WAYNE HIGBY

2017-higby-stone-gate

Jelly Beans-E  EXHIBITION

On view as a part of Earth, Sky, Time, Light, Space: The Ceramic Art of Wayne Higby

The Art Gallery at the University of Hawai‘i at Mānoa
January 17 – February 17, 2017

Wayne Higby Biographical Information

Wayne Higby is a ceramic artist and educator. His unique vision of the American landscape and its manifestation in work ranging from vessel form to tile, sculpture and architectural installation has brought him international recognition. His work is held in the permanent collections of numerous art museums around the world, including the Metropolitan Museum of Art, New York, the Victoria and Albert Museum, London, and the Museum of Modern Art, Tokyo.

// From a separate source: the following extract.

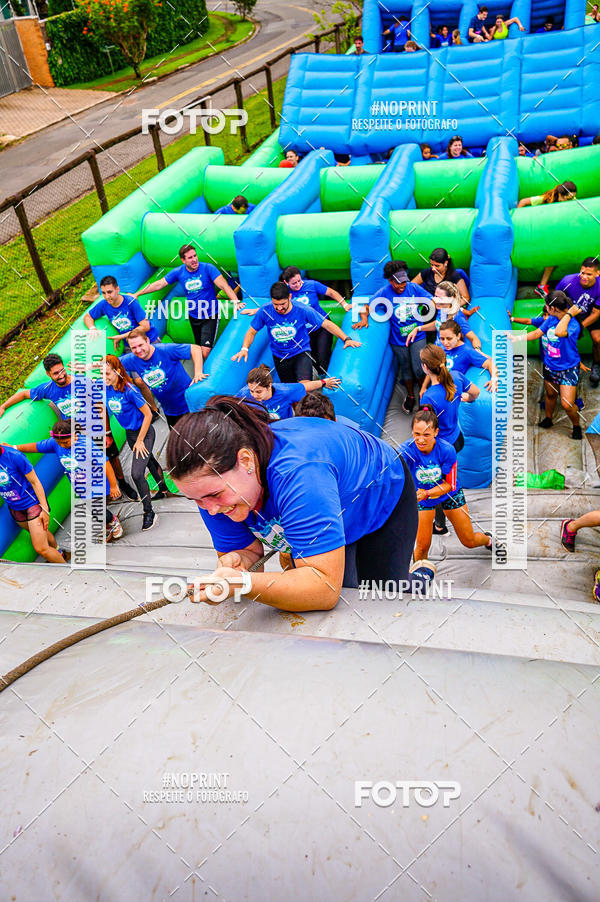 Buy your photos of the eventCorrida Insana 2019 - Campinas on Fotop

He is a professor and the Robert C. Turner Chair of Ceramic Art at Alfred University, where he also serves as the Director and Chief Curator of the Alfred Ceramic Art Museum. Higby is a published authority on ceramic art, acknowledged for his articulate lectures, essays and critical evaluations. Higby is the recipient of both the Master of the Media and the Distinguished Educator Awards from the James Renwick Alliance, Smithsonian Institution as well as the Museum of Arts and Design, New York, Visionary Award.

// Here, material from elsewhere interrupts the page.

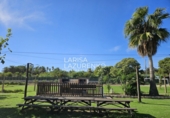Finca rústica en venta en Mont-roig del Camp ref: TR356065 foto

Since 1991, he has traveled and taught extensively in the People’s Republic of China. Higby is an Honorary Professor of Art at Shanghai University and the Jingdezhen Ceramic Institute as well as the Founding Director of the ALFRED-CAFA program in ceramic design at the Central Academy of Fine Arts, Beijing. In 2004 he became the first foreign national to be acclaimed an Honorary Citizen of the “porcelain city“ of Jingdezhen.

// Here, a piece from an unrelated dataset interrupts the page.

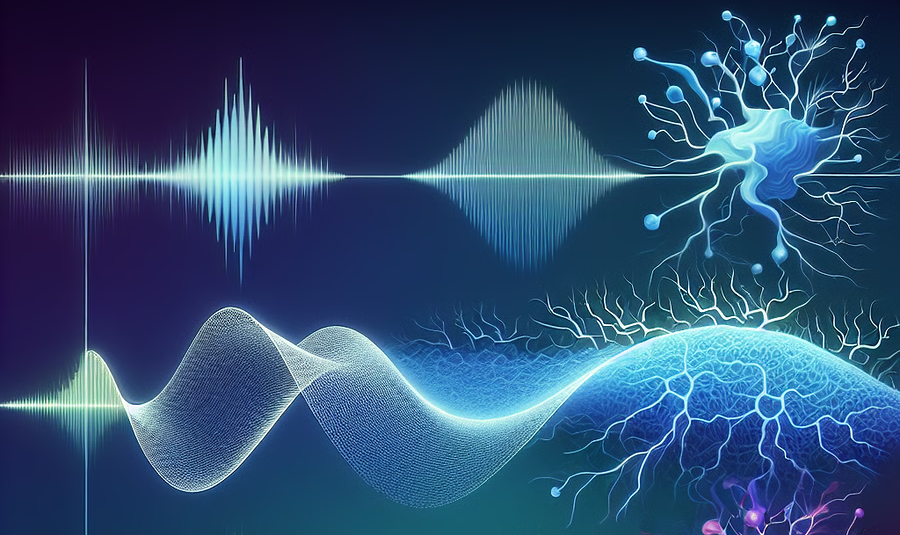 The Potency of Sound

Higby is a member of honor of the United States National Council on Education for the Ceramic Arts (NCECA), a Life Trustee of the Haystack Mountain School of Crafts, and the Vice President Emeritus of the International Academy of Ceramics, Geneva, Switzerland. A retrospective Infinite Place: The Ceramic Art of Wayne Higby opened April 27, 2013 at the Arizona State University Art Museum, Tempe. The exhibition travels for two years to numerous venues including the Smithsonian American Art Museum, Washington D.C. It is accompanied by a book of the same title published by Arnoldsche, Stuttgart, Germany. An additional book on Wayne Higby’s work and his project EarthCloud—the largest hand cut porcelain, architectural installation in the world—has also recently been published by Arnoldsche.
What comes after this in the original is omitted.